▶ [Data records]

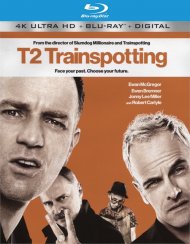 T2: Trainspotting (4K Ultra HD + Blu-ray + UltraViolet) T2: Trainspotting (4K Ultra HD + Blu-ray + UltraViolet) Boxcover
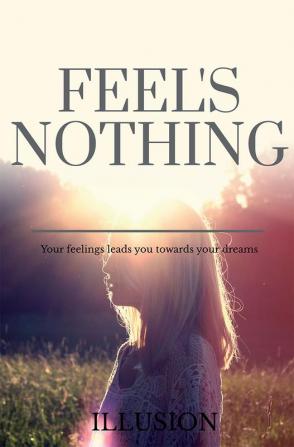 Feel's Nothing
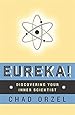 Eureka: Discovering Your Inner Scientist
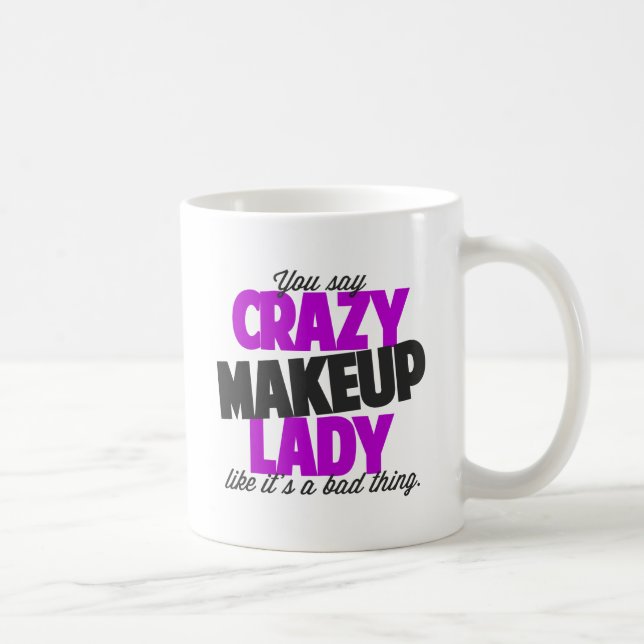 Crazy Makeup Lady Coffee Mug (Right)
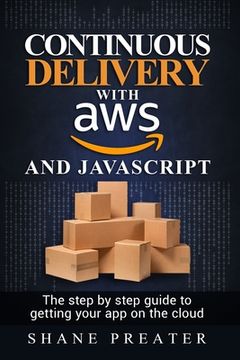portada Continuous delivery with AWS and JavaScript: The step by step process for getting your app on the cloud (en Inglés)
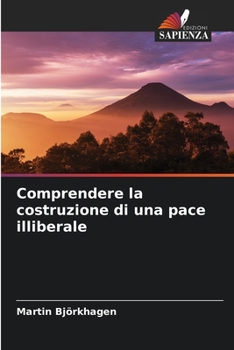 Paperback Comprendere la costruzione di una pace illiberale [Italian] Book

...

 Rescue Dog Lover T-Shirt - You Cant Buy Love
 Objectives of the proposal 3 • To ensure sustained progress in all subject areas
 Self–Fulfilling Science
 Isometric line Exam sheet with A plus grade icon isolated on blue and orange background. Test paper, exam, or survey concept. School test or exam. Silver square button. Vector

--

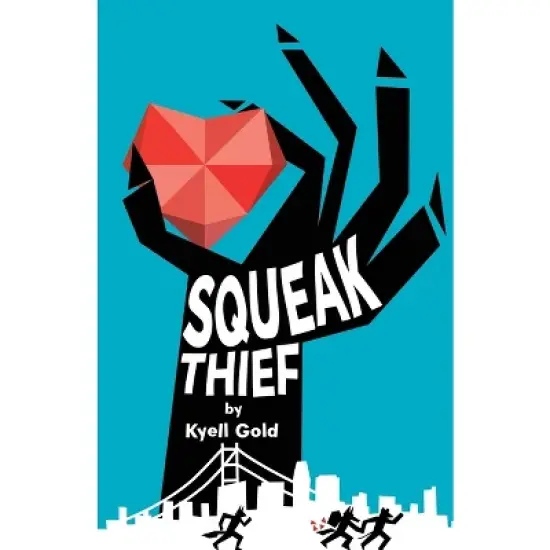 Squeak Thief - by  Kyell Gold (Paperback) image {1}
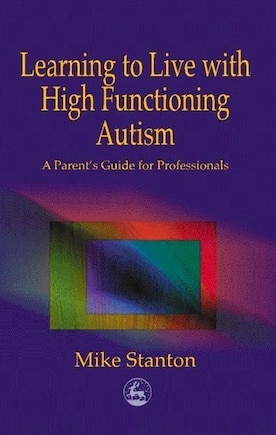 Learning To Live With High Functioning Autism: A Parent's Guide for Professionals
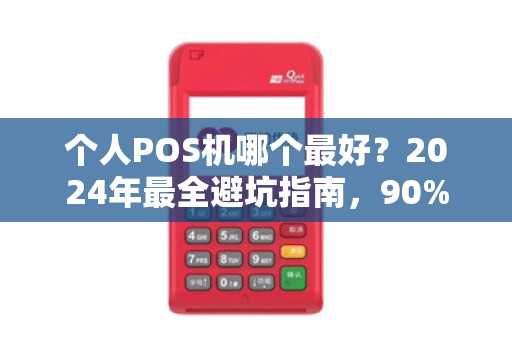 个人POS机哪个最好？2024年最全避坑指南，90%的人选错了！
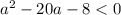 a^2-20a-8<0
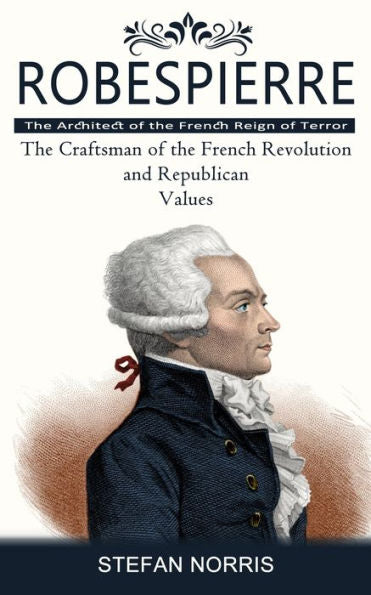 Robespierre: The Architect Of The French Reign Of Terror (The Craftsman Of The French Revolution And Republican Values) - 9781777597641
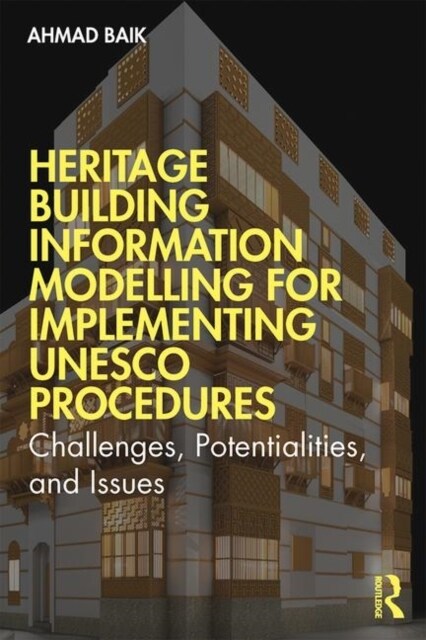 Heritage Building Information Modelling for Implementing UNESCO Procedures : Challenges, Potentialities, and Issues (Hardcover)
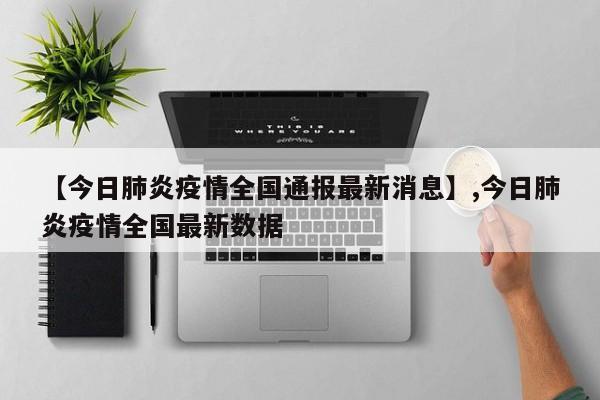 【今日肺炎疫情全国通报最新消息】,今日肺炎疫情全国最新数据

▶ [Task] Starting with the line above that holds "Objectives of the" and stopping with the line that holds "Isometric line Exam", reproduce each line exactly, omitting all other lines.

▶ [Task result]
 Objectives of the proposal 3 • To ensure sustained progress in all subject areas
 Self–Fulfilling Science
 Isometric line Exam sheet with A plus grade icon isolated on blue and orange background. Test paper, exam, or survey concept. School test or exam. Silver square button. Vector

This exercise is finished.